The Nissan Technical Center in Farmington Hills, MI (Ni... The Nissan Technical Center in Farmington Hills, MI (Nissan).
Four months ago, Chrysler took the highly unusual step of advertising its Detroit roots during the Super Bowl.

The campaign has drawn a lot of attention, as well as mixed reviews for its effectiveness. Detroit, indeed most of Southeast Michigan, after all, has a reputation as a broken and battered city. What will surprise many car buyers, though, is that the leading Asian auto makers turn to the expertise found in the greater Detroit area to engineer many of their most important vehicles for the U.S.

Take the Toyota Tundra pickup truck. A slow seller so far since Toyota introduced the brawny pickup in early 2008, the Tundra is nonetheless a very capable pickup that Toyota expects to eventually challenge the Ford F Series and Chevy Silverado with builders and contractors once the pall lifts off the new-house construction industry. The truck was not engineered and developed in Japan, though, but rather at Toyota's technical center in Ann Arbor, Mich., about 45 miles west of Detroit.

Best Selling Car in America Born in Detroit -- To Toyota

Toyota's tech center, which has also led engineering on such important models as the Toyota Camry (the best-selling sedan in the U.S.), Toyota Avalon and Highlander, and Lexus ES350, is not alone in choosing greater Detroit as a center for engineering and technical development. Hyundai, Nissan and Honda also have major presences here.

"The best asset southeast Michigan has for the future is not so much labor, but the enormous intellectual property development that is here and the experience of engineers," says David Cole, chairman emeritus of The Center or Auto Research, in Ann Arbor, Mich. Cole is also leading a new venture, AutoHarvest, an Ann Arbor-based firm that seeks to being together auto companies, other industries and university researchers together to exchange intellectual property.

Indeed, as General Motors, Ford and Chrysler have downsized in the last decade, thousands of engineers have found work at the Asian transplants hoping to tap their know-how, especially of the U.S. market. And the tech centers have presented key opportunities for engineering graduates from the University of Michigan and Michigan State University.

Korean automakers Hyundai and Kia, for example, share a tech center in Ann Arbor that led the way on the current Hyundai Sonata and Santa Fe.

"Hyundai leverages our Michigan engineering talent in a way that dramatically impacts our product line here in the U.S.," says Hyundai Motor America CEO John Krafcik, an engineer who formally worked at Ford and Toyota.

Hyundai's Michigan-based team handle various critical tasks such as the certification of the Hyundai power-trains according to U.S. federal safety and emission standards, and drive many aspects of the in-car entertainment, navigation, and Blue Link telematics systems in the vehicles.
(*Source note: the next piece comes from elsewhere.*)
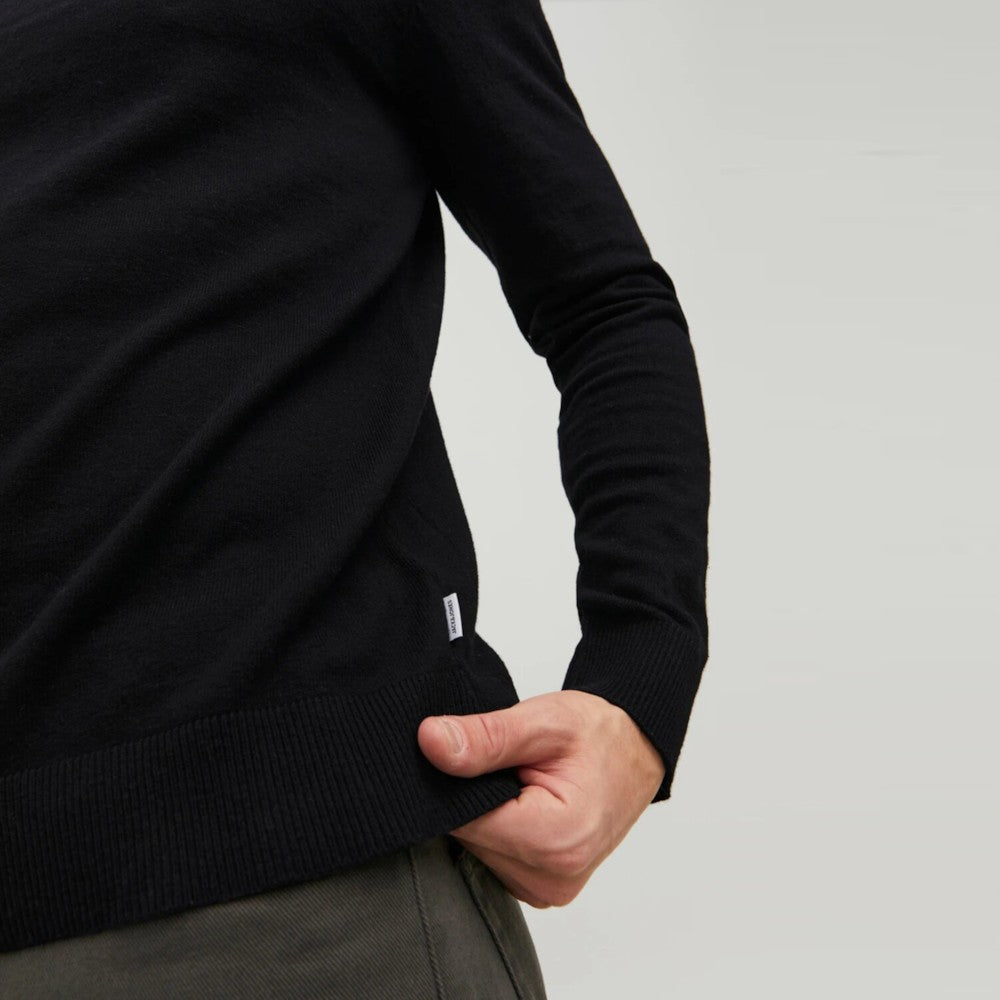 Bluzë Jack & Jones 12208364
The Michigan tech center also oversees a separate vehicle engineering center in California, which handles chassis and noise-vibration-harshness tuning for all U.S. Hyundai products."

Toyota's Ann Arbor-based tech center has proved invaluable to the company's rise in the U.S. While the Japanese company is known for quality, innovation of hybrid systems and world class efficient production of its vehicles, it had its share of product duds before it turned over engineering on several models to its Michigan-based staff. Early versions of Toyota minivans and pickup trucks developed in Japan were flops. It wasn't until the Sienna minivan and Tundra pickups got Michigan makeovers that they were competitive and ready to challenge Ford, GM and Chrysler in those categories.

There is a community of auto industry engineering and research that is part of the University of Michigan, and has been built up by nearby GM, Ford and Chrysler, as well as the numerous auto supplier companies with headquarters or facilities around Southeast Michigan.

Detroit has gotten a bad name with a lot of the public because of some really bad management at the top of the U.S. companies in the last two decades. But with the wealth of intelligence and talent among engineers, designers and the universities in Michigan, the Asian companies could hardly have gone anywhere else in the U.S. to find the same talent pool.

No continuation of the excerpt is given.